• What is needed:
Please restate each line of the data below exactly. Omit all images.

---------- Record excerpts

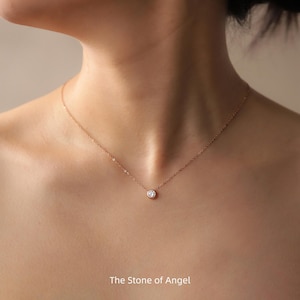 1Carat Moissanite Rose Gold Solitaire Necklace,14K Gold Solitaire Pendant,Exquisite Diamond Necklace,Modern Handmade Jewelry,Christmas Gift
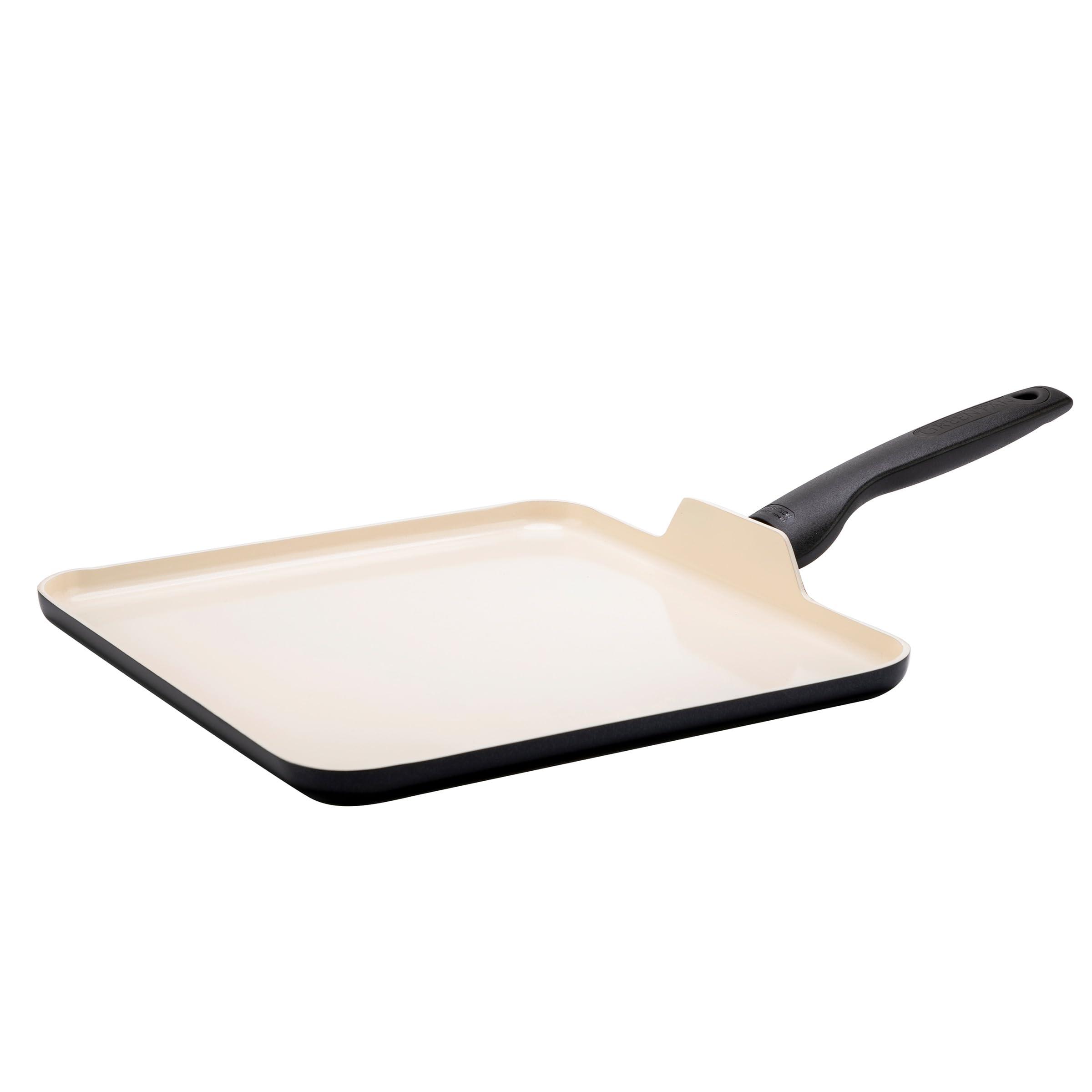 GreenPan Rio 11" Square Griddle Pan, Ceramic Nonstick Cookware, PFOA and PFAS-Free, Stay-Cool Bakelite Handle, Black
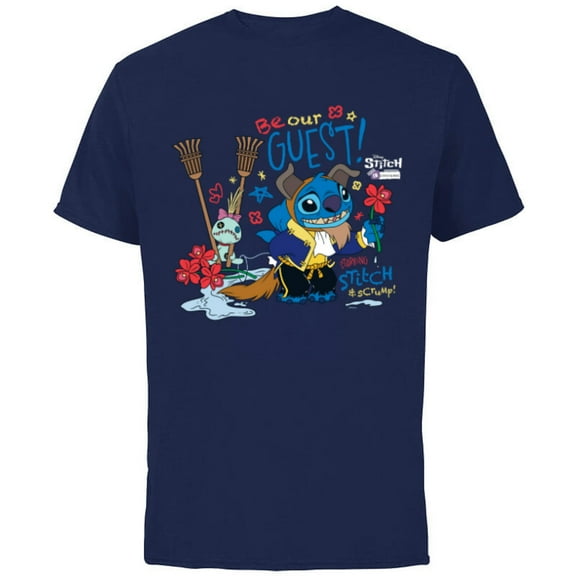 Disney 100 Stitch in Costume The Beast Be Our Guest & Scrump - Short Sleeve Cotton T-Shirt for Adults - Customized-Navy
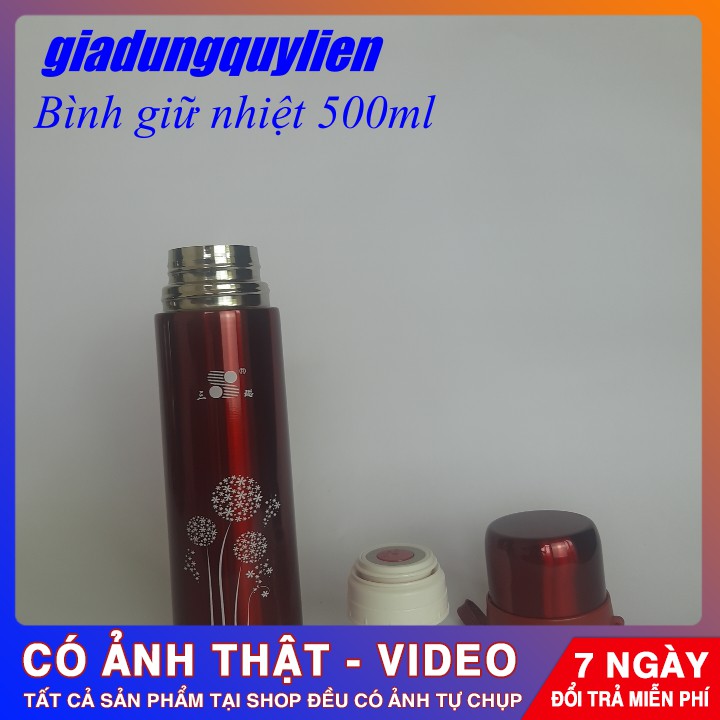 [Hình Thật 100%] Bình Giữ Nhiệt Chất Lượng Cao 500ml Ruột Inox An Toàn, Giữ Được Đồng Thời Nóng Và Lạnh Trên 6 Tiếng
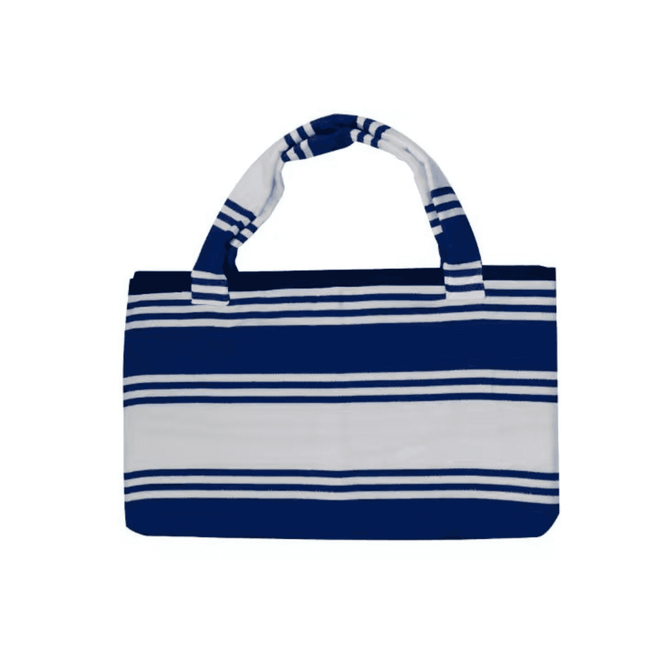 A foldable beach towel bag in navy blue and white stripes, featuring two handles and a branding logo.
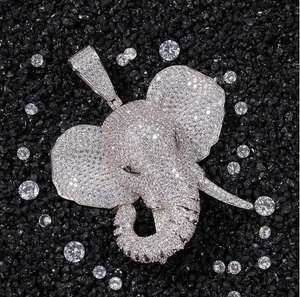 Pendentif éléphant de luxe serti de moissanite VVS, style hip-hop, or blanc, effet diamant, pièce maîtresse - Product Image 4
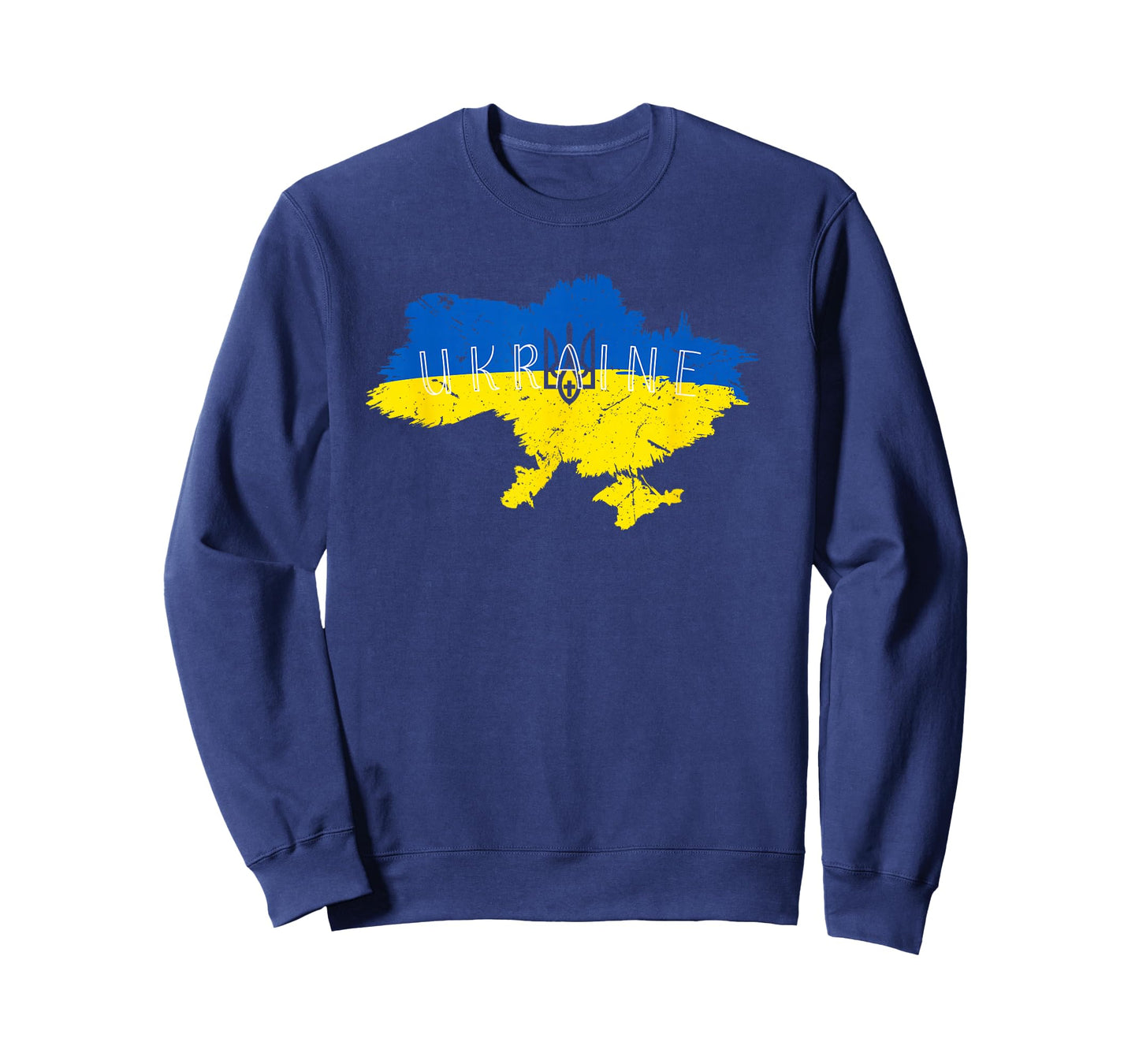 Ukrainian Pride Tryzub Ukraine Map Vintage Retro Flag Art T-Shirt
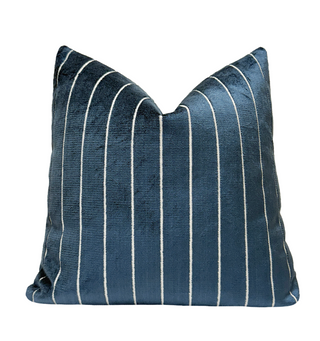 Blue Stripe Velvet Throw Pillow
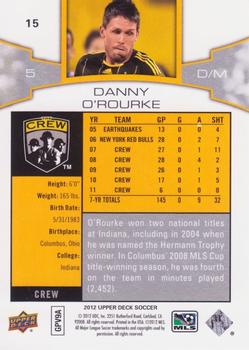 2012 Upper Deck MLS #15 Danny O'Rourke Back
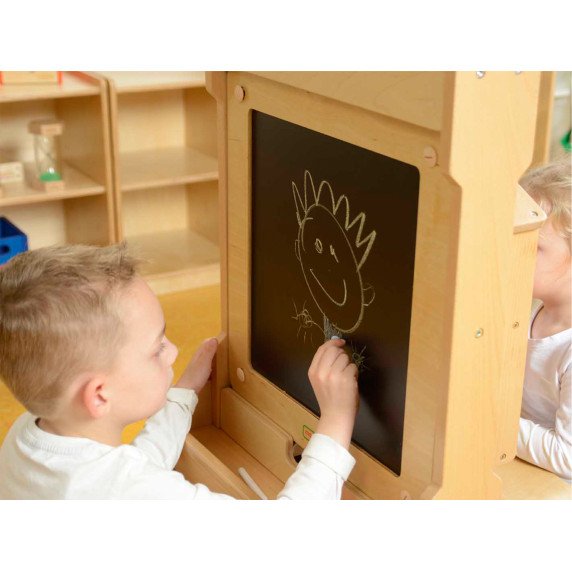 MASTERKIDZ Dvigubos pusės Skritulinė ir Džiovinimo valkliai Lenta 2 viename Edukacinė Sieninė Lenta Flex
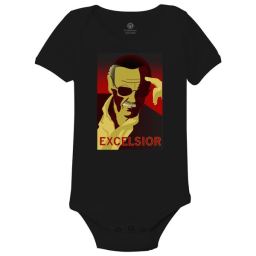 Stan Lee Excelsior Baby Onesies Black / 6M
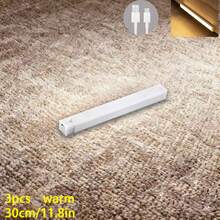 1 pièce Barre lumineuse à détecteur de mouvement LED, détection à 120°, blanc froid/blanc chaud, adsorption magnétique sans perçage, chargement Type-C 300 mAh, lumière pour armoire, couloir, 10/20/30/50 cm - Bande lumineuse à détecteur de mouvement - Voir 12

--------------------

• Exercise response:
 1Carat Moissanite Rose Gold Solitaire Necklace,14K Gold Solitaire Pendant,Exquisite Diamond Necklace,Modern Handmade Jewelry,Christmas Gift
 GreenPan Rio 11" Square Griddle Pan, Ceramic Nonstick Cookware, PFOA and PFAS-Free, Stay-Cool Bakelite Handle, Black
 Disney 100 Stitch in Costume The Beast Be Our Guest & Scrump - Short Sleeve Cotton T-Shirt for Adults - Customized-Navy
 [Hình Thật 100%] Bình Giữ Nhiệt Chất Lượng Cao 500ml Ruột Inox An Toàn, Giữ Được Đồng Thời Nóng Và Lạnh Trên 6 Tiếng
 A foldable beach towel bag in navy blue and white stripes, featuring two handles and a branding logo.
 Pendentif éléphant de luxe serti de moissanite VVS, style hip-hop, or blanc, effet diamant, pièce maîtresse - Product Image 4
 Ukrainian Pride Tryzub Ukraine Map Vintage Retro Flag Art T-Shirt
 Blue Stripe Velvet Throw Pillow
 2012 Upper Deck MLS #15 Danny O'Rourke Back
 MASTERKIDZ Dvigubos pusės Skritulinė ir Džiovinimo valkliai Lenta 2 viename Edukacinė Sieninė Lenta Flex
 Stan Lee Excelsior Baby Onesies Black / 6M
 1 pièce Barre lumineuse à détecteur de mouvement LED, détection à 120°, blanc froid/blanc chaud, adsorption magnétique sans perçage, chargement Type-C 300 mAh, lumière pour armoire, couloir, 10/20/30/50 cm - Bande lumineuse à détecteur de mouvement - Voir 12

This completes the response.